### What to do
Please repeat exactly, and only, the lines from the one containing "Действие игры GTA" through the end of the records below, with no pictures.

Given data Start Marker

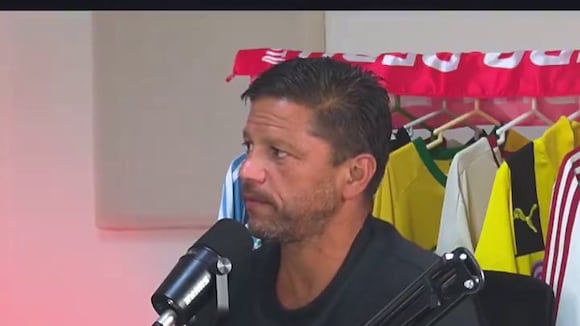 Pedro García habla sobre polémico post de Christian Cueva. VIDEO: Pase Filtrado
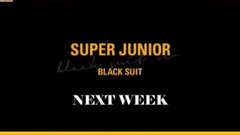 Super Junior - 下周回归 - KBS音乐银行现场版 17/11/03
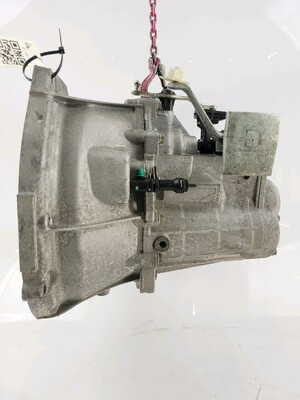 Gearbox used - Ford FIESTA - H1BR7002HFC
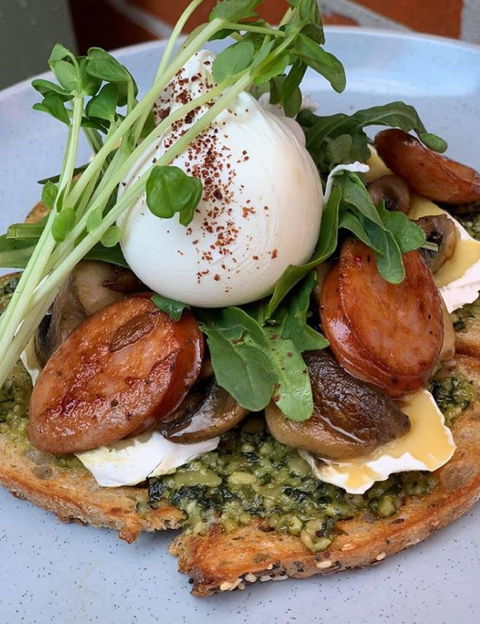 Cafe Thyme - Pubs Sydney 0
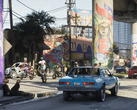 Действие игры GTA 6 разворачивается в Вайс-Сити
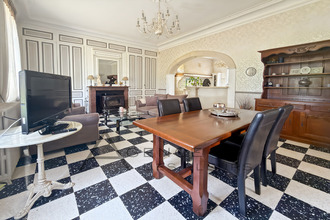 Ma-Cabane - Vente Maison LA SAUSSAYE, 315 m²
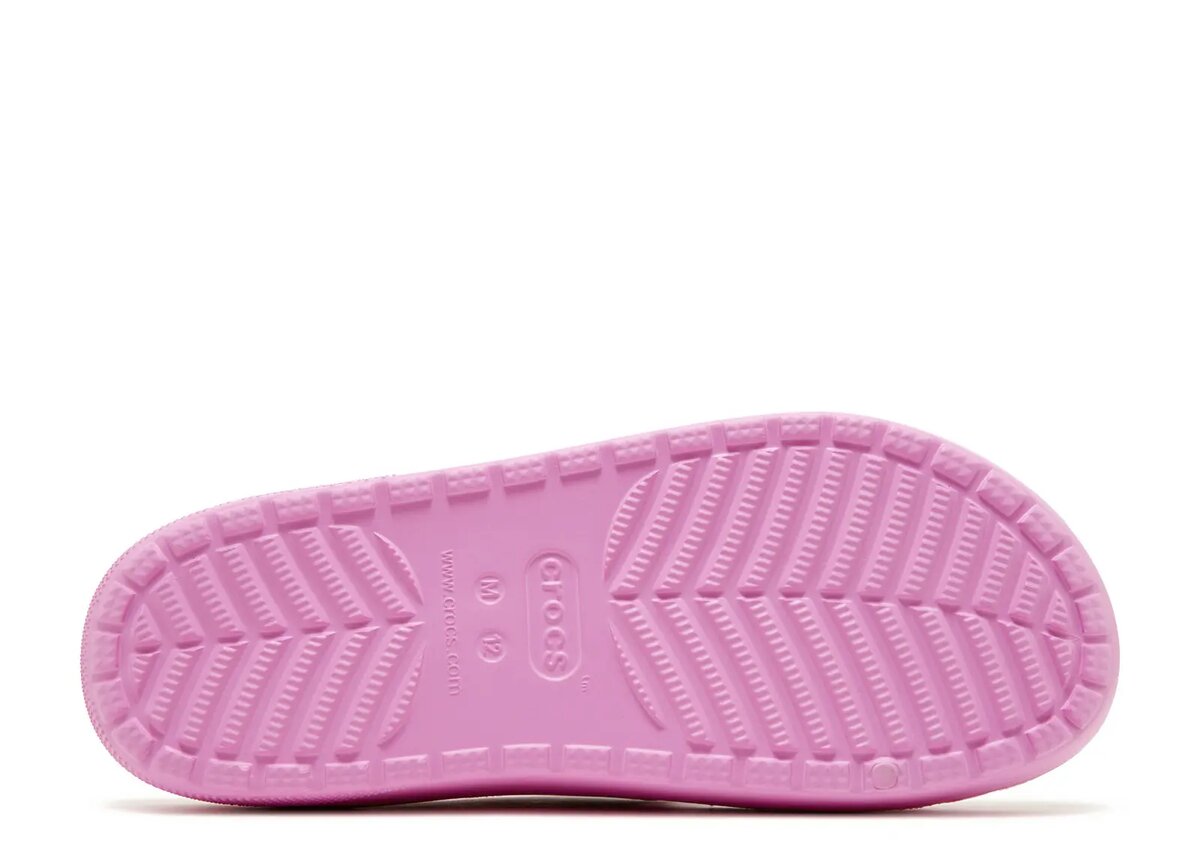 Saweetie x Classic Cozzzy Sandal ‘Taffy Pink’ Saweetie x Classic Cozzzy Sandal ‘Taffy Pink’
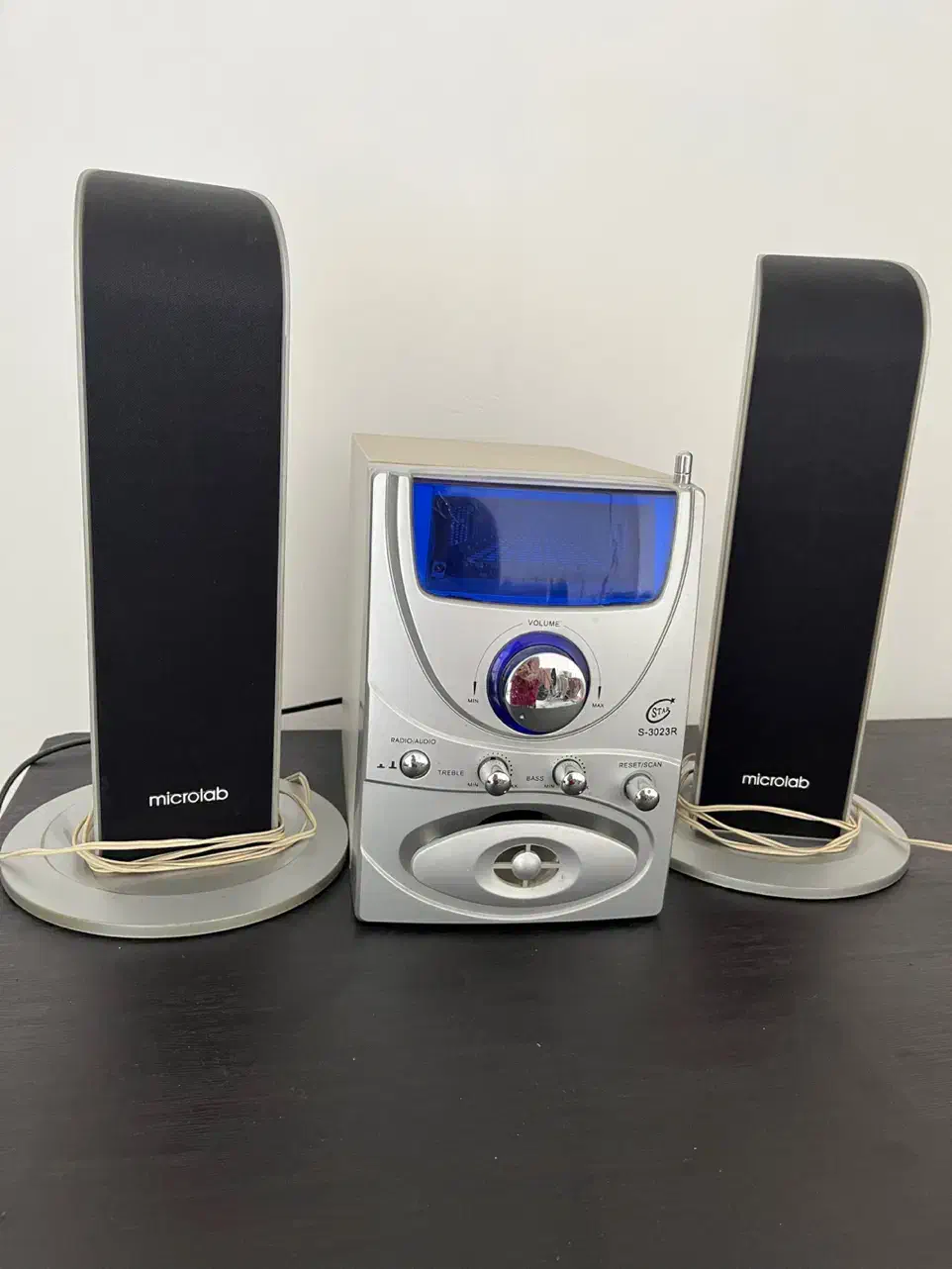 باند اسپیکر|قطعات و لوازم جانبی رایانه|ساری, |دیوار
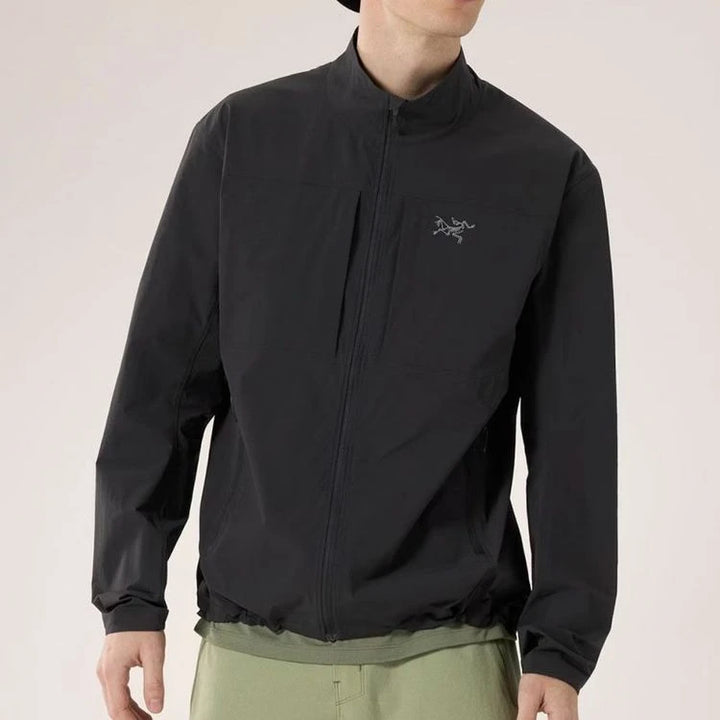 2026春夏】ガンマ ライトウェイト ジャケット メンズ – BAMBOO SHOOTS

Given data End Marker

### Reply
 Действие игры GTA 6 разворачивается в Вайс-Сити
 Ma-Cabane - Vente Maison LA SAUSSAYE, 315 m²
 Saweetie x Classic Cozzzy Sandal ‘Taffy Pink’ Saweetie x Classic Cozzzy Sandal ‘Taffy Pink’
 باند اسپیکر|قطعات و لوازم جانبی رایانه|ساری, |دیوار
 2026春夏】ガンマ ライトウェイト ジャケット メンズ – BAMBOO SHOOTS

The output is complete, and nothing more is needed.